== Assigned task ==
Output exactly the lines below from the one containing "Multi-colored ink swirls" to the last line, both included. Omit pictures.

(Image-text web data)
* * * *

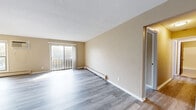 Located at 2701 Brunswick Ave N in Crystal, MN, this 2-bedroom, 1-bathroom unit offers a practical and well-appointed single-floor layout. The open living room is a bright, welcoming space featuring light gray luxury vinyl plank flooring, neutral warm-toned walls, a textured ceiling, and a sliding glass door that opens to a private balcony with outdoor views. A wall-mounted air conditioning unit and baseboard heating provide year-round comfort.

The kitchen is a standout feature, offering rich dark wood cabinetry, granite countertops, a tile backsplash, and stainless steel appliances including a range, microwave, and refrigerator. Track lighting and LVP flooring complete this functional galley-style space.

Both bedrooms are well-sized, filled with natural light from large windows that frame views of the surrounding neighborhood and greenery. Each bedroom includes a dedicated closet with bi-fold wood doors and built-in rod storage. The primary bedroom offers additional space and is connected to hallway access.

The bathroom features classic white tile surrounding a full tub/shower combo, mosaic tile flooring, and warm neutral walls. Two hallways provide connectivity throughout the unit, and the dark-toned entry door adds a clean, modern touch to the overall design.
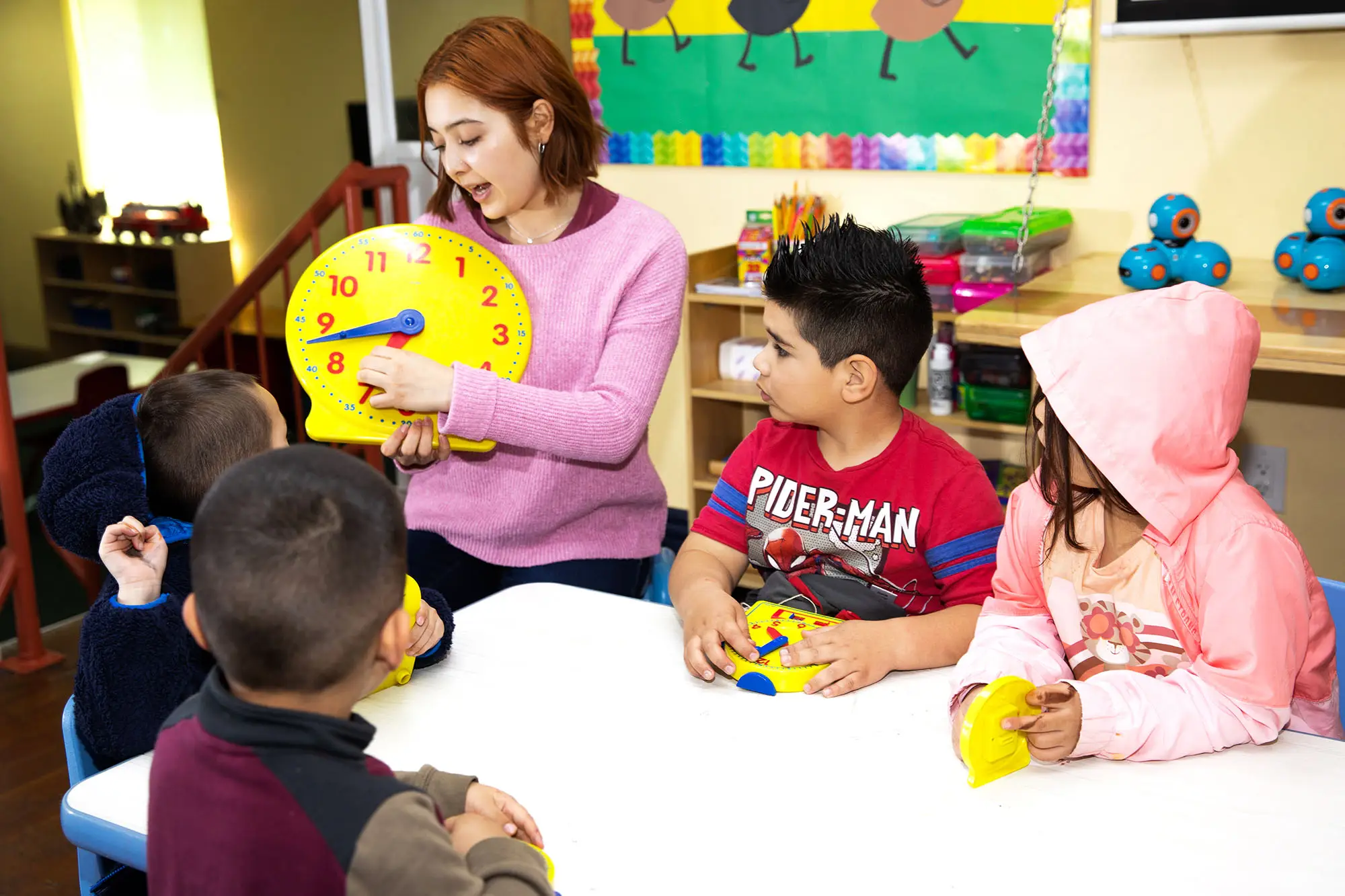 Preschool teacher in Riverside engaged in a guided question-and-answer exchange with a small group of children, the structure that supports language development per MIT research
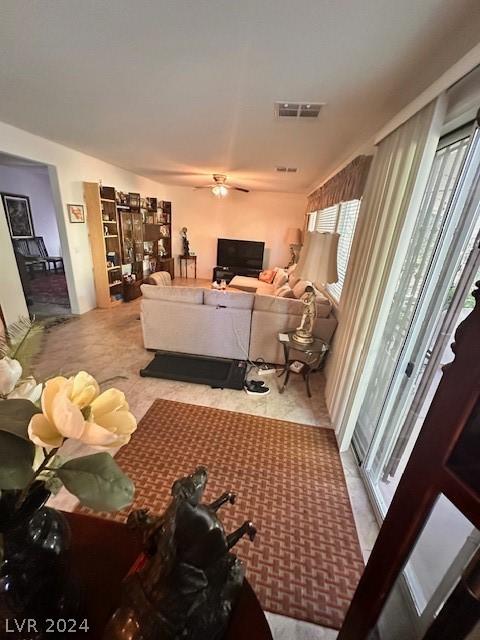 living room with ceiling fan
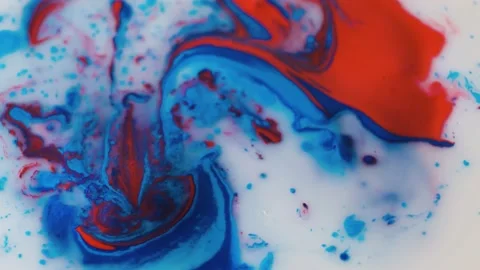 Multi-colored ink swirls under water and oil, creating colorful bubbles and Stock Footage 170303485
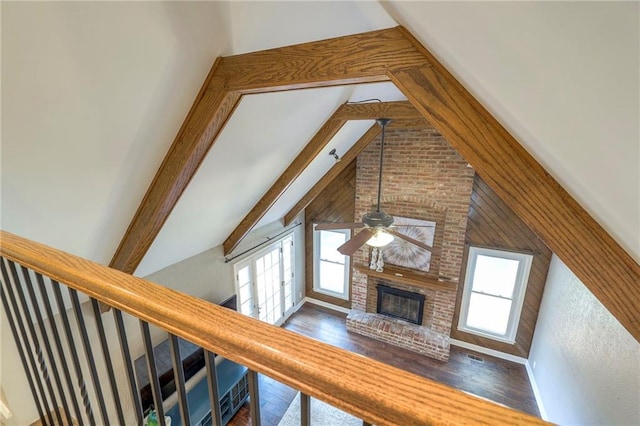 6919 Albervan St, Shawnee, KS 66216 - unfurnished living room with healthy amount of natural light, a brick fireplace, high vaulted ceiling, a ceiling fan, and beamed ceiling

* * * *

== Answer below ==
 Multi-colored ink swirls under water and oil, creating colorful bubbles and Stock Footage 170303485
 6919 Albervan St, Shawnee, KS 66216 - unfurnished living room with healthy amount of natural light, a brick fireplace, high vaulted ceiling, a ceiling fan, and beamed ceiling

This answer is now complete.